United States District Court, N.D. Indiana, Fort Wayne Division

November 1, 2018

BRENT MILLER, Plaintiff,
v.
COMMISSIONER OF SOCIAL SECURITY, sued as Nancy A. Berryhill, Acting Commissioner of Social Security, Defendant.

          OPINION AND ORDER

          Susan Collins United States Magistrate Judge

         Before the Court is Plaintiff Brent Miller's petition to recover attorney fees in the amount of $10, 773.00 and $420.67 in costs and expenses under the Equal Access to Justice Act (“EAJA”), 28 U.S.C. § 2412, together with supporting documents.[1] (DE 23; DE 24; DE 27). Defendant Commissioner of Social Security (“Commissioner”) opposes the amount of Miller's fee request, arguing that: (1) the 56.7 hours billed by Miller's counsel in the district court litigation were not reasonably expended; and (2) counsel should have calculated their hourly rates using the cost of living adjustment for the geographic region where the case was litigated, rather than the national rate. (DE 25). Miller timely filed a reply brief (DE 27), and thus the motion is ripe for ruling.

         For the following reasons, Miller's motion for EAJA fees will be GRANTED.

         A. Applicable Legal Standard

         Under the EAJA, “[e]xcept as otherwise specifically provided by statute, a court shall award to a prevailing party other than the United States fees and other expenses . . . incurred by that party in any civil action . . . brought by or against the United States . . . unless the court finds that the position of the United States was substantially justified . . . .” 28 U.S.C. § 2412(d)(1)(A). Here, the Commissioner does not raise a substantial justification argument in response to Miller's fee request. Rather, the Commissioner challenges the number of hours expended by Miller's counsel in this litigation and the cost of living index used by counsel when calculating their hourly rate. The Court will address each of these arguments, in turn.

         B. The Number of Attorney Hours Billed

         Miller, as the fee applicant, bears the burden of proving that the EAJA fees sought are reasonable. See 28 U.S.C. § 2412(d)(1)(B); Hensley v. Eckerhart, 461 U.S. 424, 437 (1983). Factors the Court should consider in evaluating the reasonableness of a fee request are:

(1) the time and labor required; (2) the novelty and difficulty of the questions; (3) the skill requisite to perform the legal service properly; (4) the preclusion of employment by the attorney due to acceptance of the case; (5) the customary fee; (6) whether the fee is fixed or contingent; (7) time limitations imposed by the client or the circumstances; (8) the amount involved and the results obtained; (9) the experience, reputation, and ability of the attorneys; (10) the “undesirability” of the case; (11) the nature and length of the professional relationship with the client; and (12) awards in similar cases.

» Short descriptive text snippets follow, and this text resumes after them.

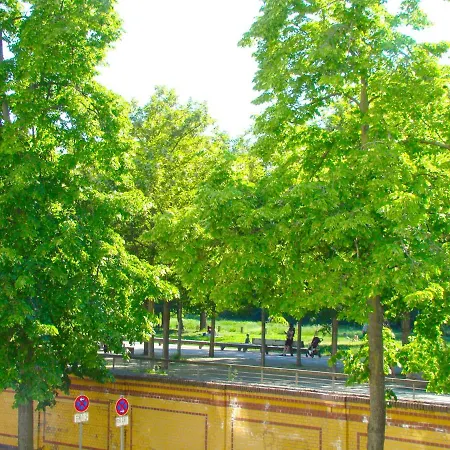 Potsdamer Platz & *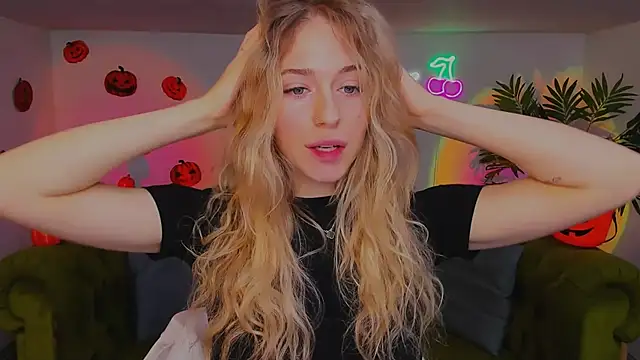 Snapshot of sassy_cutie chatting on November 4, 2025, 6:06 am sassy cutie online show from November 4, 2025, 6:06 am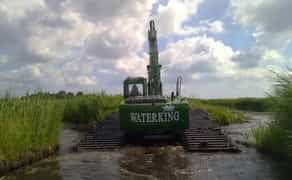 Плаваючий екскаватор Амфібія. Очиста озера ставка від мулу.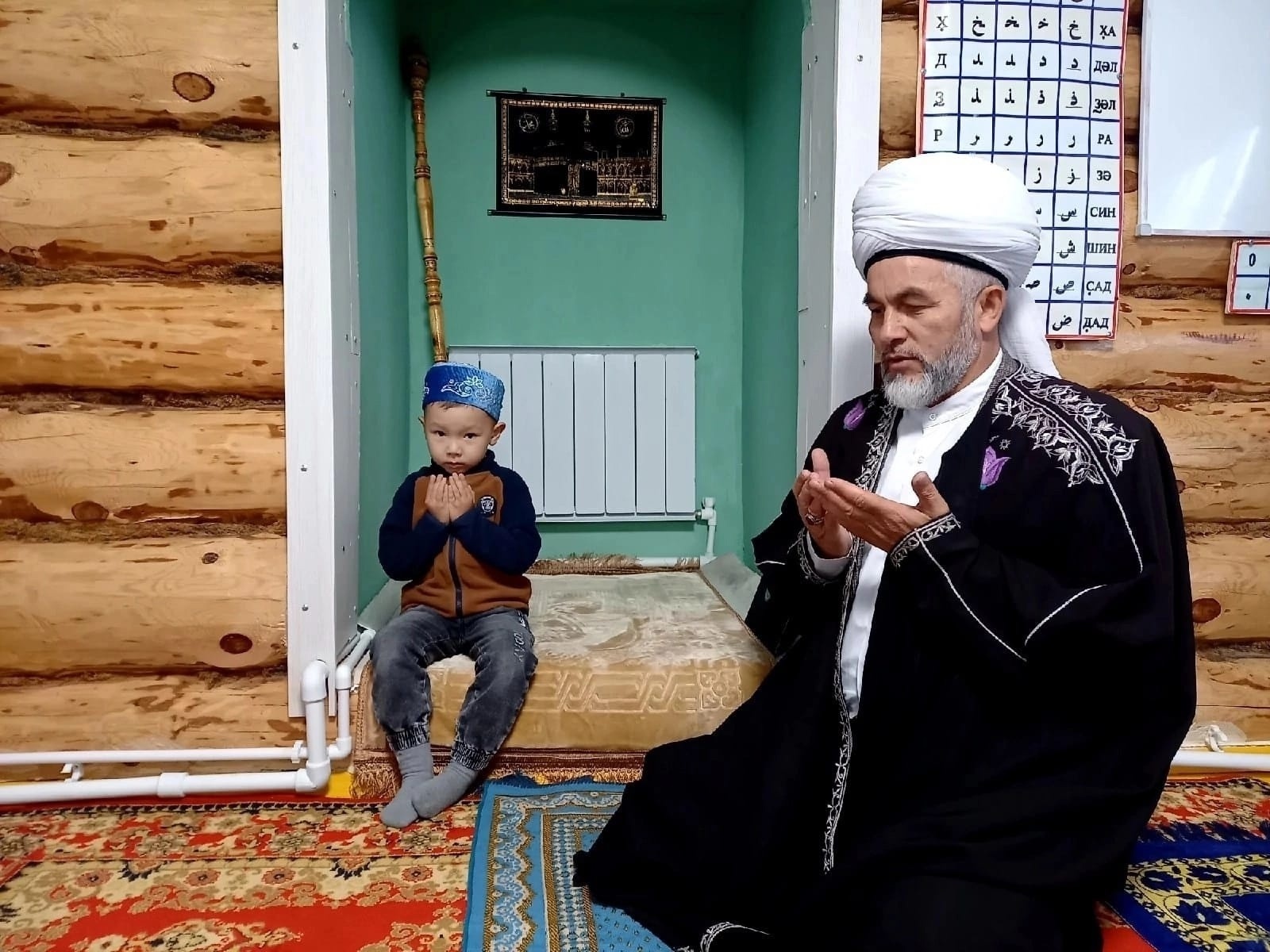 Исемен алмаштырғас, ҡаты сирҙән йүнәлә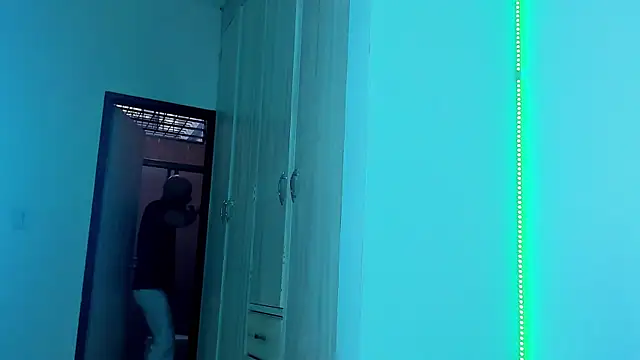 Snapshot of ODINVIDE-1 chatting on 11.30.25 ODINVIDE-1 online show from 11.30.25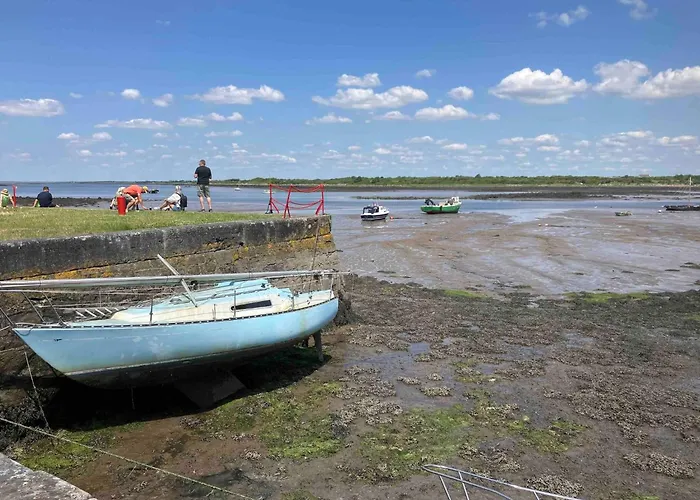 Sleeps Up To 4 Guests In Kinvara Apartament *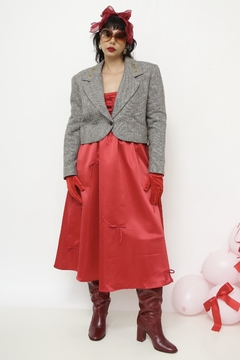 Blazer cropped cinza bordado flores na internet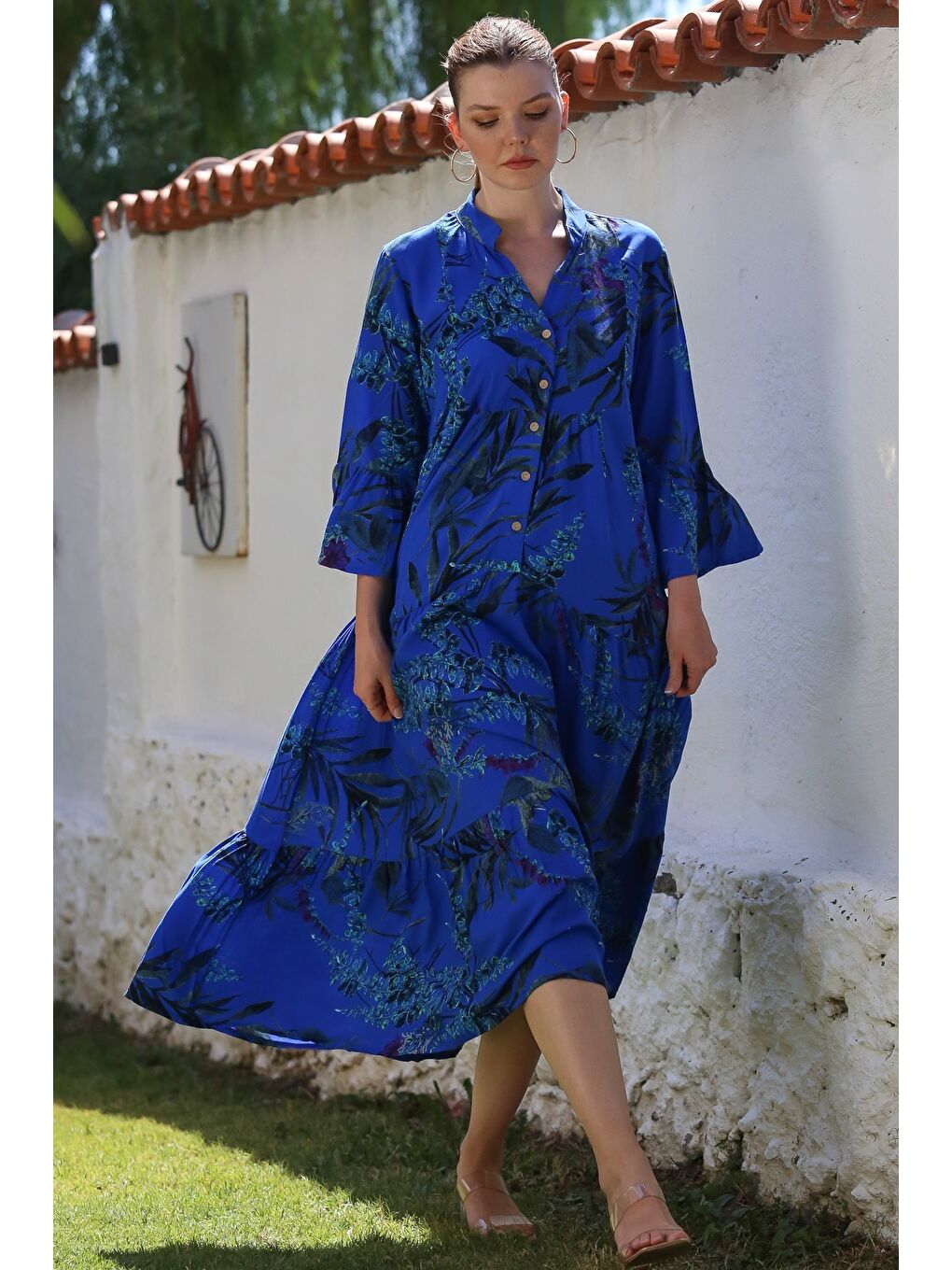 Saks Mavisi Hakim Yaka Fırfırlı Kol Düğmeli Eteği Fırfırlı Allover Baskılı Dokuma Elbise 130 58-3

Hensley, 461 U.S. at 430 n.3.

         “Hours that are not properly billed to one's client also are not properly billed to one's adversary pursuant to statutory authority.” Id. at 434 (citation omitted). “As a result, the prevailing party should make a good-faith effort to exclude from a fee request hours that are excessive, redundant, or otherwise unnecessary.” Davenport v. Astrue, No. 2:07-CV-0064-PRC, 2008 WL 2691115, at *7 (N.D. Ind. July 3, 2008) (citing Hensley, 461 U.S. at 434). “The amount of a fee award is left to the discretion of the district court because of its ‘superior understanding of the litigation and the desirability of avoiding frequent appellate review of what essentially are factual matters.'” Id. (quoting Hensley, 461 U.S. at 437).

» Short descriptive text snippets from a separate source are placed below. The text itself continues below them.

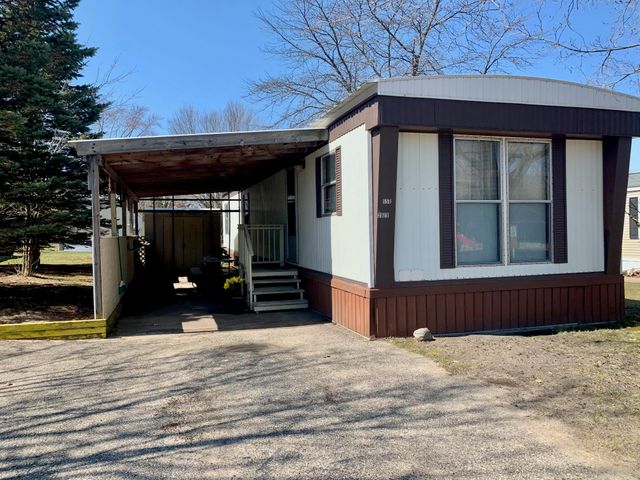 2819 N Sandy Drive 558, Ludington, MI 49431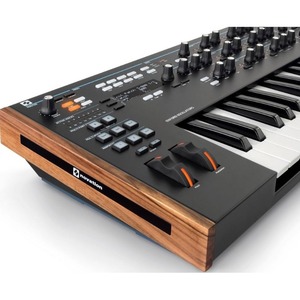 Аналоговый синтезатор Novation Summit black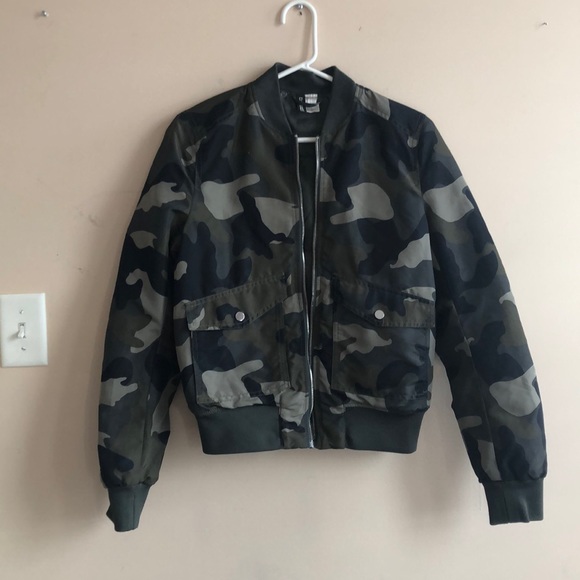 H&M Camo Zip - Up Jacket - Picture 1 of 3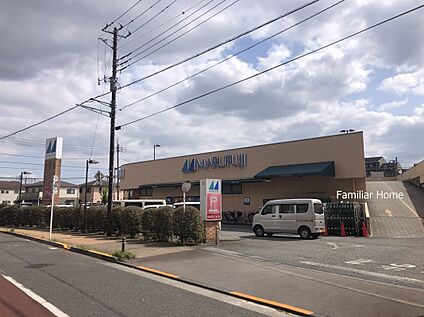 マルフジ昭島市役所通り店 約656m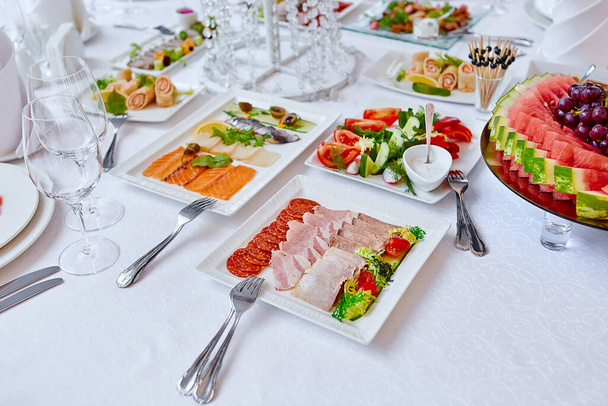 Beautifully decorated catering banquet table with different food snacks and appetizers , fresh fruits on corporate party event or wedding celebration - Valokuva, kuva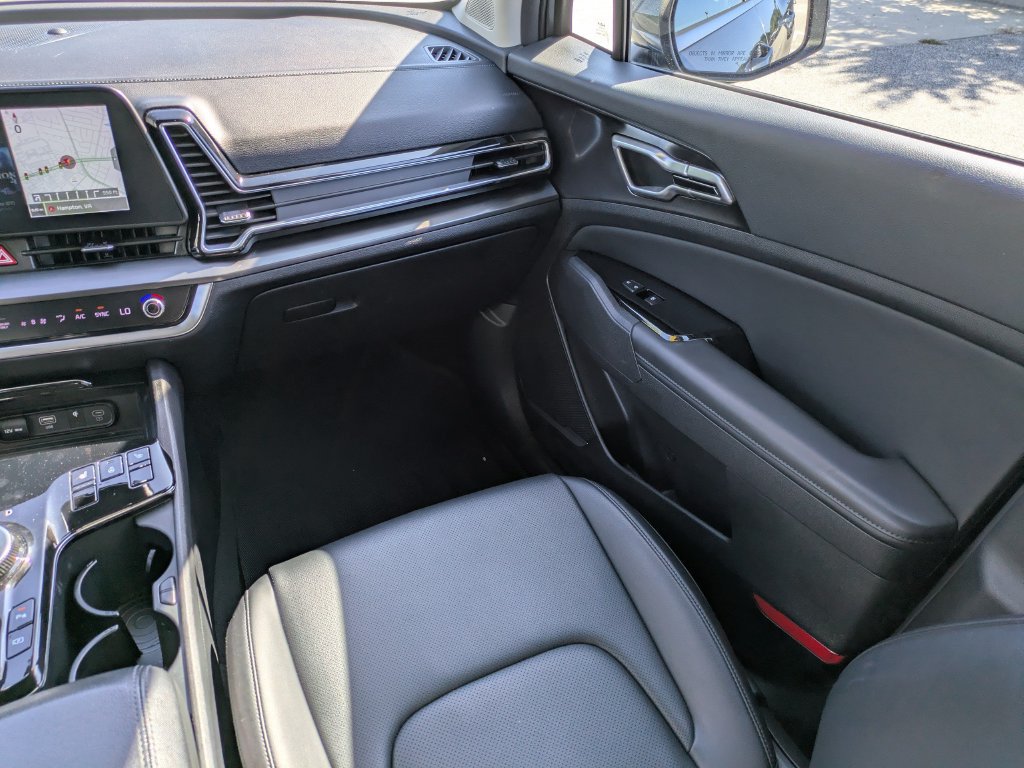 Used 2023 Kia Sportage EX AWD/4WD image 17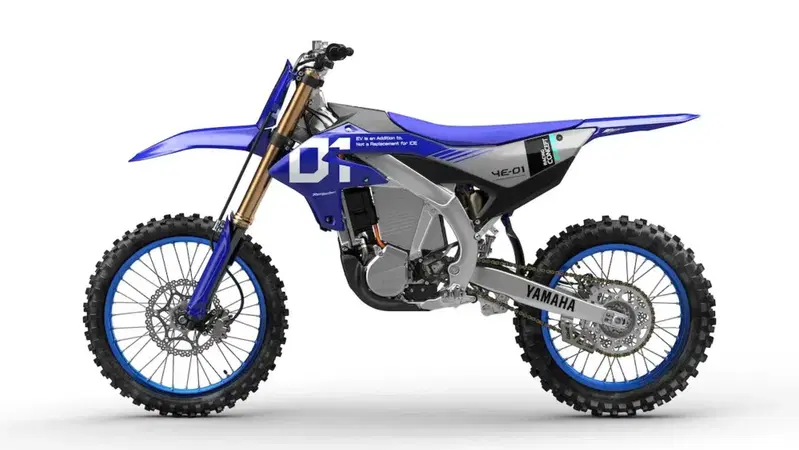 Yamaha con la sua nuova elettrica al MXoN in Francia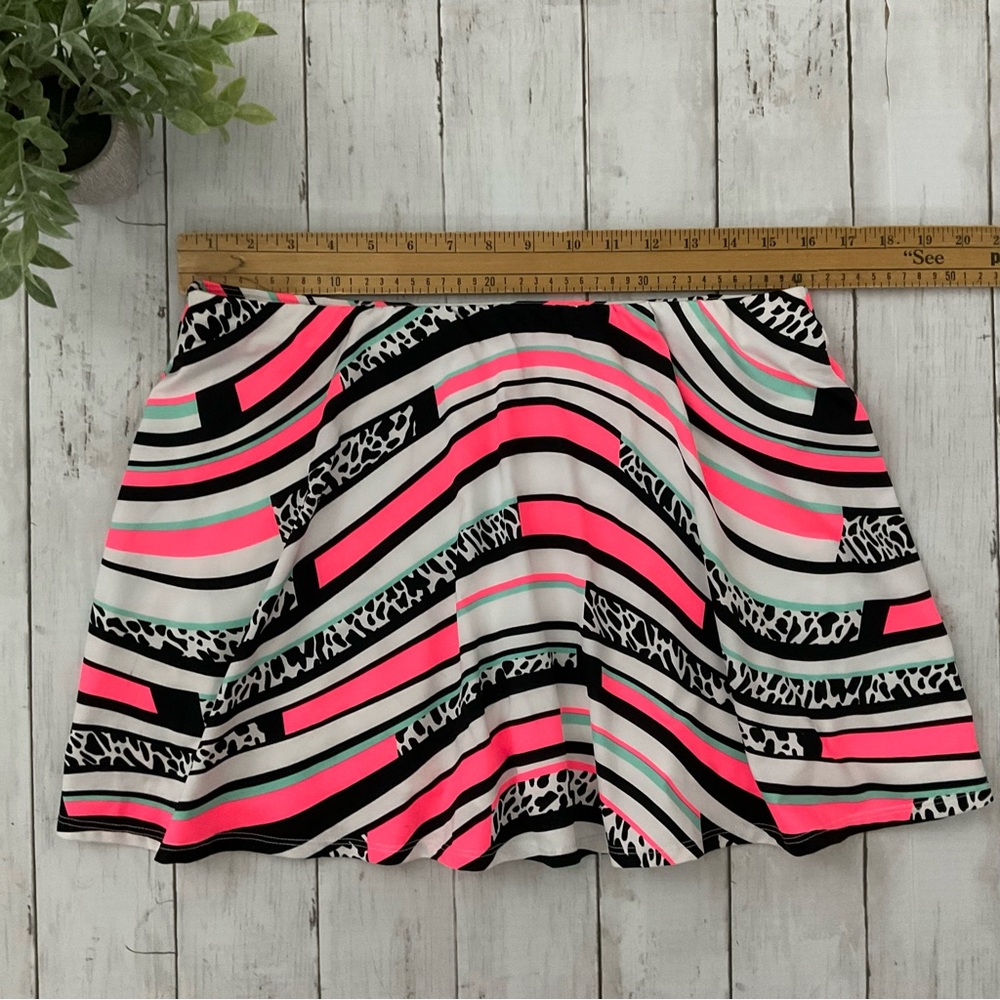 Stylish Tail Brand Pink and Black Striped Skort, zebra print, shorts with pocket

         The Commissioner argues that Miller fails to meet his burden of showing that the 56.7 hours billed by his attorneys were reasonably expended. (DE 25 at 1-5). The Commissioner contends that the hours were excessive given that: (1) the five arguments that Miller advanced in his appeal were not complex or novel legal issues, but rather, were issues commonly litigated in Social Security cases; and (2) the administrative record in this case was only 455 pages. More particularly, the Commissioner claims that the 6.8 hours that Miller's counsel spent revising his opening brief is excessive given his counsel's extensive experience litigating Social Security matters and the routine arguments advanced in the brief, which should reasonably translate to efficiencies in presenting arguments to the Court. (DE 25 at 4). The Commissioner further asserts that the 15 hours Miller's counsel spent drafting his reply brief is excessive, given that the reply brief “followed the basic outline, argumentation, and legal authority from the opening brief.” (DE 25 at 4). As such, the Commissioner contends that Miller's 56.7 hours should be reduced by 10 hours, to a total of 46.7 hours.

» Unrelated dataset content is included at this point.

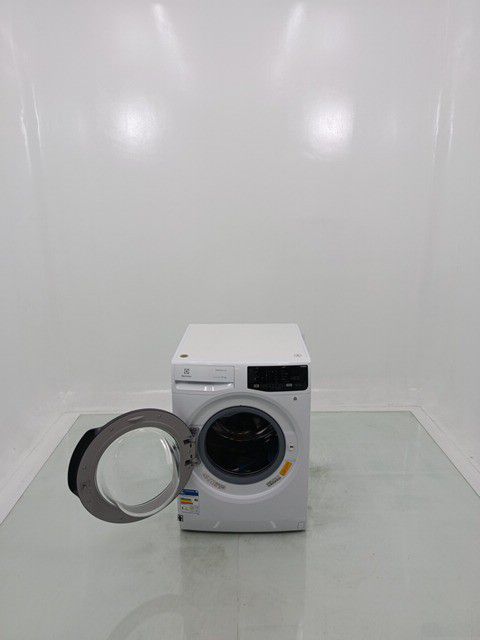 LAVADORA ELECTROLUX LFE11 - Lavadora Electrol
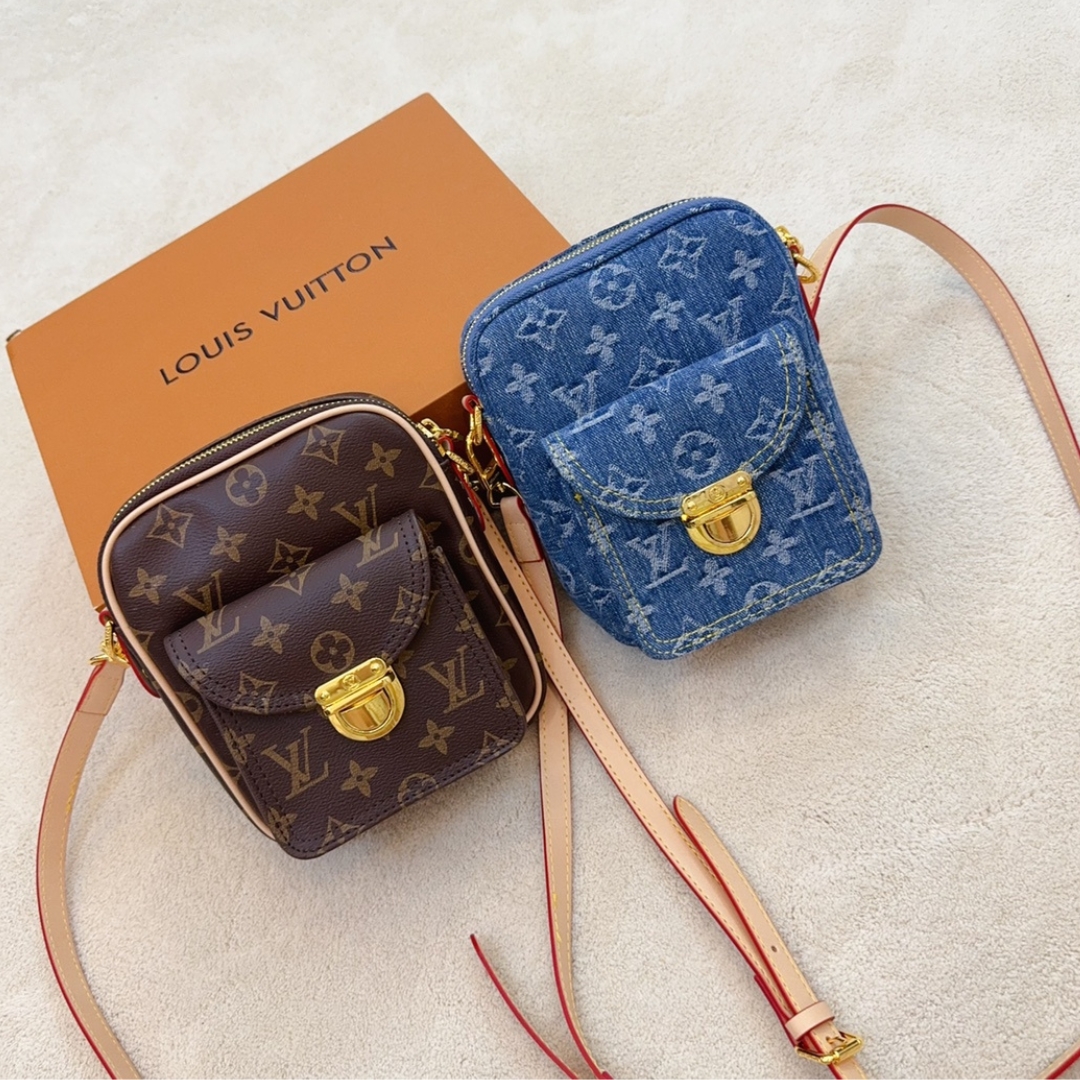 Louis Vuitton Fairfax Pochette Bag Denim Blue 17Cm M82948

         The Commissioner's arguments, however, are not persuasive. “To begin with, a 400-page administrative record is not short.” Monk v. Colvin, No. 2:15-cv-233, 2016 WL 4445659, at *2 (N.D. Ind. Aug. 23, 2016) (citations omitted). And even if some portions of the administrative record were less relevant to the appeal than others, “[Miller's] attorneys had to sift through everything to separate the wheat from the chaff.” Id. Furthermore, this is not a case where Miller's counsel also represented him at the administrative level (DE 27 at 8); thus, counsel had to review the administrative record for the first time during the district court litigation. See Seefeldt v. Colvin, No. 14-CV-320, 2016 WL 5793683, at *1 (E.D. Wis. Sept. 30, 2016) (“[C]ounsel did not represent [the claimant] at the administrative level and therefore had to familiarize herself with the record.”).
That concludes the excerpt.